Un instant
Depuis la fin du travail au sein du dispositif de la passe, un reste symptomatique se manifestait à quelques rares occasions : un instant de doute, d’hésitation. Un instant où je m’arrête et je m’interroge… avant de faire quelque chose [*]. Je le lis comme un reste symptomatique sur lequel je prends appui afin de voir par où poursuivre. Désormais sans inhibition ni précipitation, mais décidée.
Lorsqu’on me proposa de témoigner en visioconférence, je dis, sans hésiter : « oui, ce sont les conditions que nous impose l’époque ». Soutenue par l’éthique de ne pas céder devant le désir de m’adresser à l’École, je fis le pari de trouver une manière de faire passer le vivant à travers Zoom.
Dans les jours qui précédèrent les J-50, au détour d’une conversation informelle, quelqu’un fit référence à la pudeur et à ce qu’il voyait comme une difficulté : parler à une audience en majorité anonyme et invisible. Je ne ressentais pas cette pudeur, vu les circonstances inédites de ce premier témoignage mon souci était plutôt que l’énonciation « passe ».
Ce commentaire me fit cependant penser à cette phrase de Lacan, « les non-dupes errent, c’est peut-être les non-pudes errent » [1]. La pudeur est présente dans l’écriture du témoignage ; il ne s’agit néanmoins pas de la pudeur liée à la honte, mais de la pudeur à laquelle Lacan se réfère dans le Séminaire XXI, une pudeur liée au « bien-dire » [2]. Il avance qu’elle est la seule vertu de la fin, une pudeur face au réel qui est en jeu dans la passe. À la différence de la sortie par le cynisme ou l’incroyance, il y a une croyance dans le sinthome et une confiance dans l’École à laquelle nous, AE, nous nous adressons en tant qu’« épars désassortis » [3].

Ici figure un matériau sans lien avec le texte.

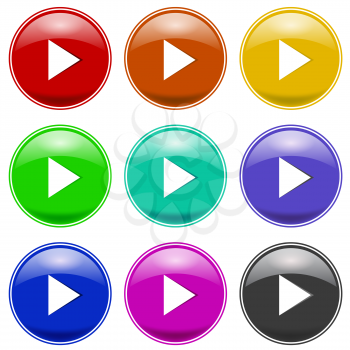 Set of Colorful Play Icons Isolated on White Background. Glossy Colored Play Buttons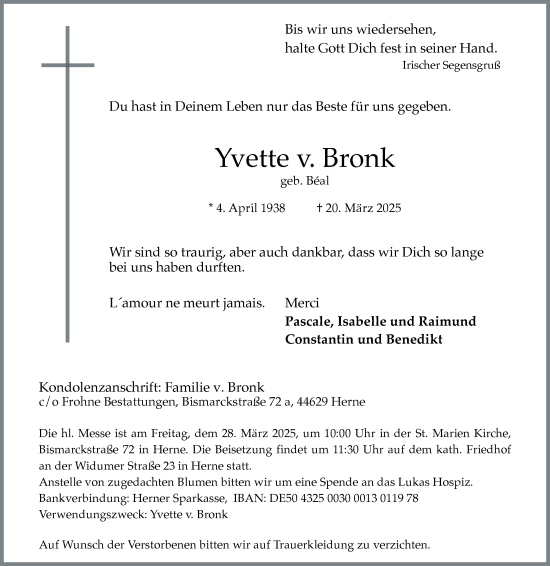 Traueranzeige von Yvette v. Bronk von Tageszeitung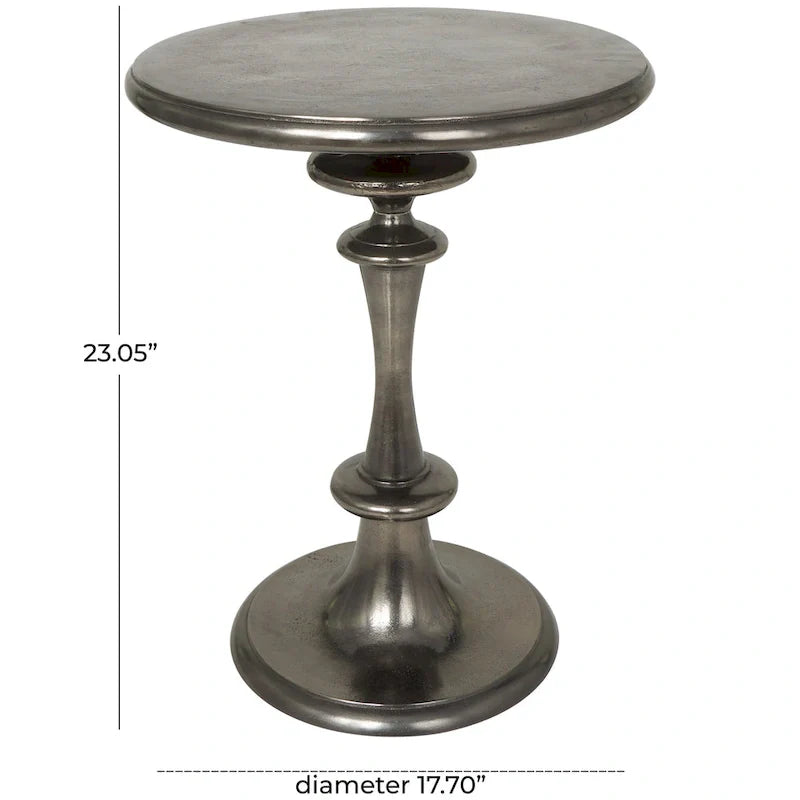 Table d'appoint style métal tourné en aluminium - Noir - Roche River Decor - 18L x 18P x 23H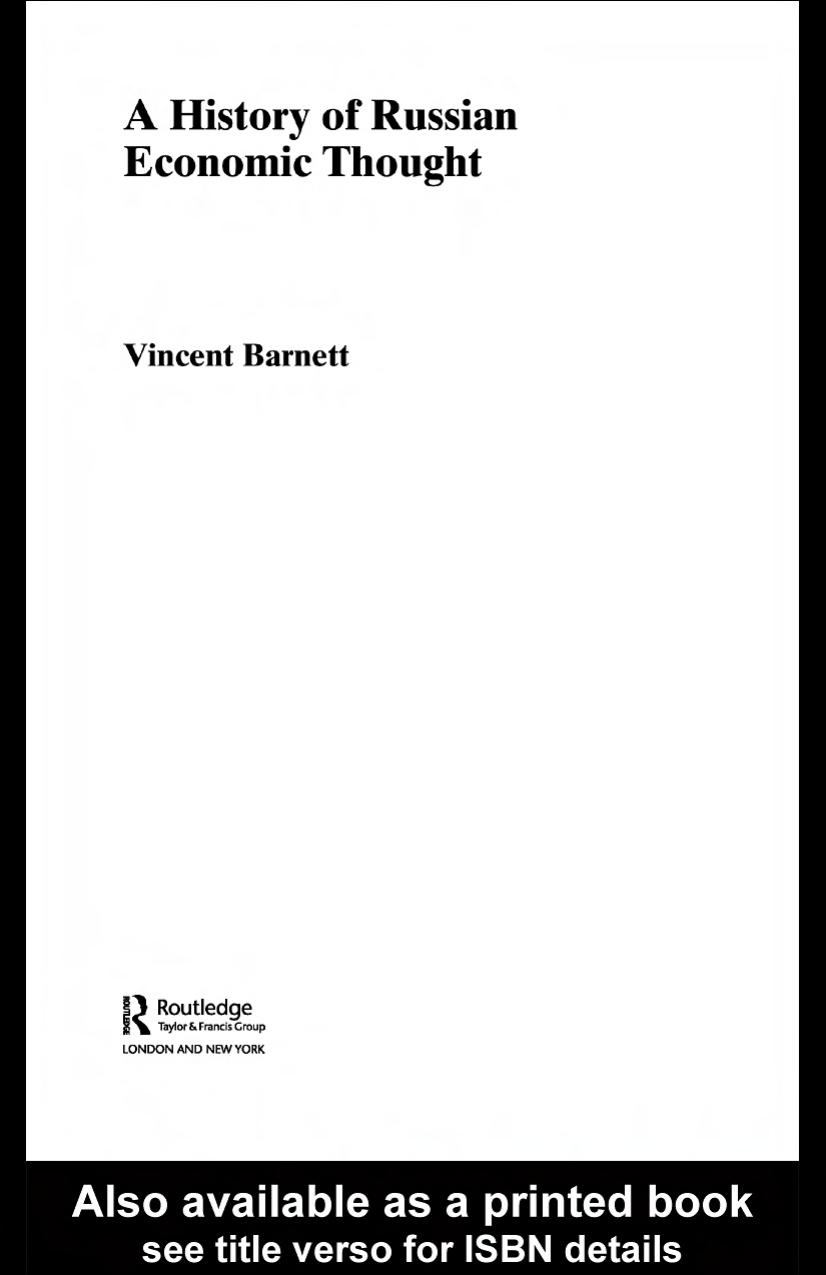 A History of Russian Economic Thought (Routledge History of Economic Thought) by Vincen Barnett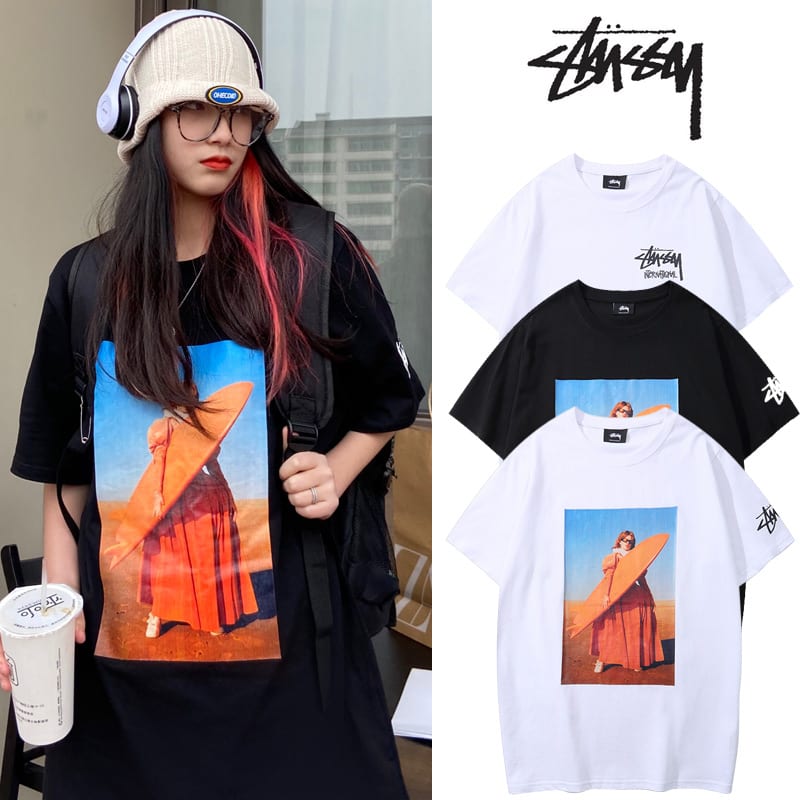 Футболка Stussy Woman With Surfboard "Black" фото № 4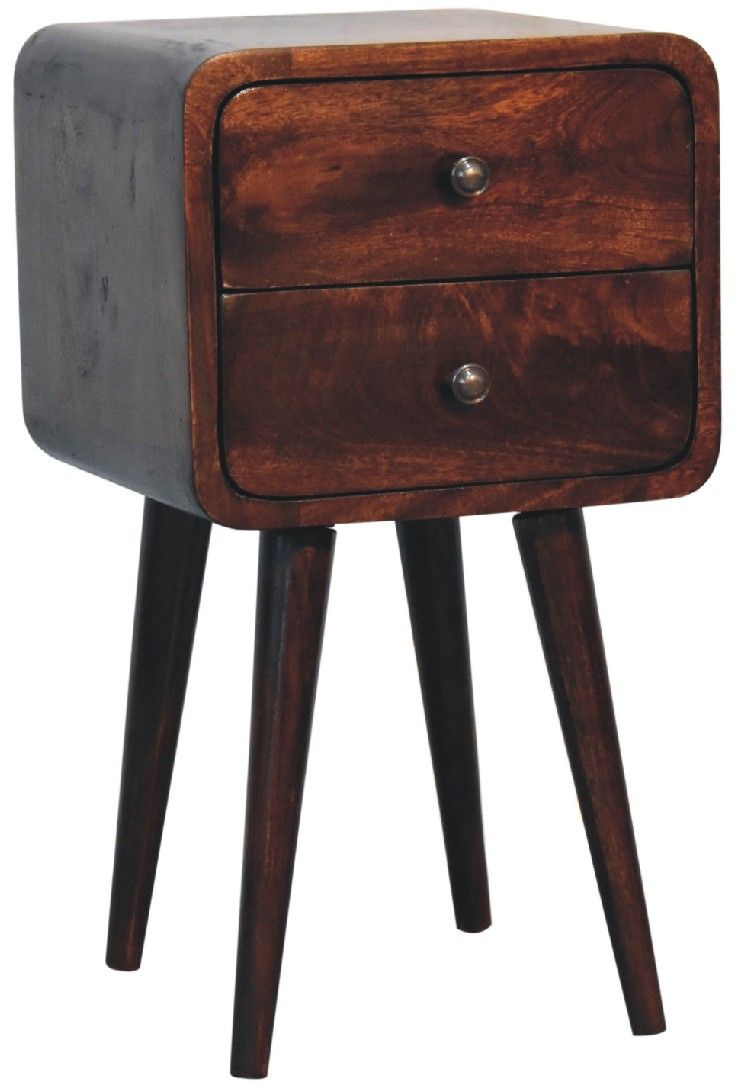 Artisan - Mini Light Walnut Curved Nightstand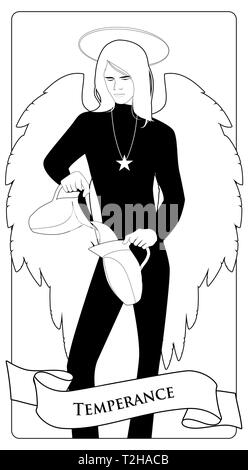 Temperance tarot card drawing, vintage illustration vector Stock Vector ...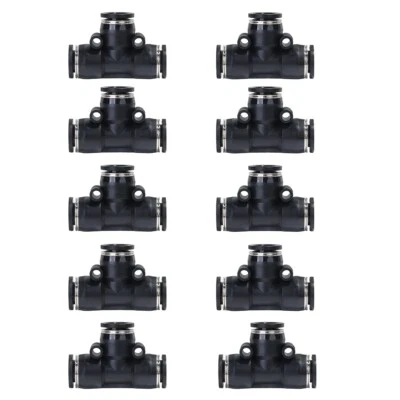 Push To Connect Air Fittings Tube 1/4" OD Air Line Tee Union Push Black 10Pcs - Image 1 of 4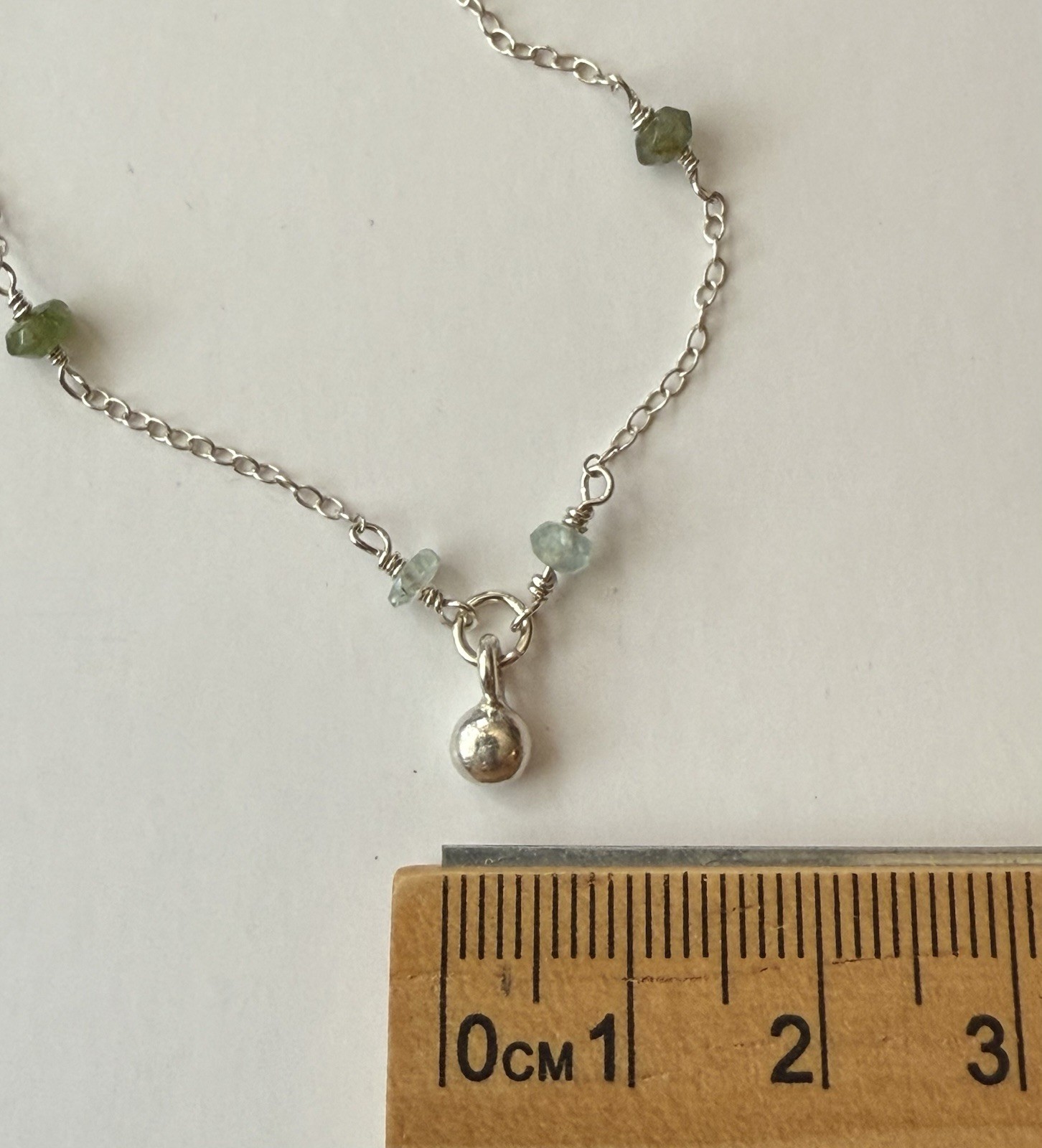 Sterling Silver Beaded Station Necklace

Toutefois, ce reste symptomatique se manifesta la veille de la plénière. La situation était la suivante : j’avais des doutes quant à la prononciation et je voulais que mes enfants m’aident. Cela impliquait de lire devant eux le témoignage à voix haute. Dans mon texte, je parlais de mon désir, de comment il s’était modifié avec la maternité et de la façon dont il avait affecté le choix de leur éducation. Avant de leur demander quoi que ce soit, l’instant de la question surgit de façon inattendue, accompagné d’un sentiment de pudeur.
Pourquoi le reste symptomatique apparut-il à ce moment-là ?
Bien qu’à la maison mon idéalisation légendaire de la France est matière à nombre de plaisanteries, je pensais qu’il s’agissait cette fois-ci de mettre en mots et d’une certaine façon de dévoiler quelque chose du tissage de signifiants et jouissance qui est en jeu dans la transmission à un enfant. Ayant vécu la mort de mon père comme une coupure abrupte, le souci de transmission m’a toujours habité, même s’il s’est exprimé sous des formes symptomatiques différentes au cours de mon parcours analytique. Ce qui apparut, ce jour-là, ce fut la différence dans la transmission après la passe.
Plus orientée, après m’être « arrêtée pour penser », je trouvai la façon de le faire et il fut intéressant de voir comment mes enfants répondirent et m’accompagnèrent, chacun de façon singulière. Alors que j’écris cette contribution, je pense qu’à ce moment-là, c’est aussi ma propre division mère-femme qui s’est manifestée, ainsi que la dissociation entre le désir de l’analyste et le désir de la mère. Ce sera un thème de travail.
[*] Traduit de l’espagnol par Dominique Corpelet.
[1] Lacan J., Le Séminaire, livre XXI, « Les non-dupes errent », leçon du 12 mars 1974, inédit.
[2] Ibid.
[3] Lacan J., « Préface à l’édition anglaise du Séminaire XI », Autres écrits, Paris, Seuil, 2001, p. 573.